Однако, недооценка роли языка в познавательной и практической деятельности (даже сугубо рефлексивными направлениями как феноменология и трансцендентальная философия), в аналитической философии уступила место подлинной абсолютизации языка. Язык становится не только средством общения и компонентом познавательной деятельности, но и единственной средой, в которой протекает вся сознательная и бессознательная жизнь человека. Философствование, связанное с анализом языка, является не только стилем мышления, но и определенной философской позицией.
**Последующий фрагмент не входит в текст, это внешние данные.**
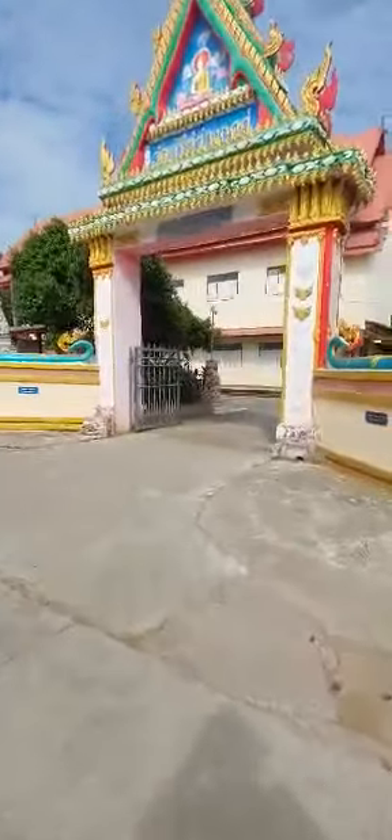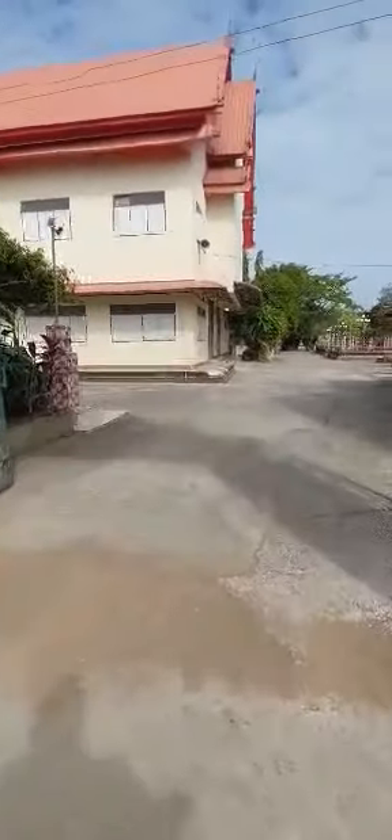Just going for a walk through the temple. This entrance is probably used more than the main one actually — it's very quiet.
Если язык (как инструмент познания и коммуникации) и знание, которое он выражает, представляют собой слитное целое, и если различные группы людей имеют инвариантные знания и разнообразную [53] деятельность, то неминуемо существуют различные «картины мира», которые нельзя объединить в одну «картину». Представители предшествующей философии искали «сущность» или «единую картину объекта», а классическая лингвистика смотрела на язык как на единую монолитную структуру. Задачей лингвистической философии является разрушение этих «семантических иллюзий», взамен которых предлагается языковый и философский полиморфизм. Далее вся «логика» лингвистического анализа срабатывает автоматически. Если невозможна логическая экспликация таких терминов как «знание», «реальность», «опыт», «сознание» (слова, вокруг которых возникала «метафизическая эманация»), т.е. если они имеют различный смысл в зависимости от контекста, то бессмысленно искать одно единственное универсальное значение. Невозможно существование единой теории значения, не существует критерия для разграничения знания от мнения. На место гносеологического субъекта предшествующей философии выдвигается некий «Х» — отдельный индивид, а философская деятельность сводится к выяснению мотиваций, информированности и способности этого индивида реализовывать свои знания в процессе коммуникации с другими индивидами.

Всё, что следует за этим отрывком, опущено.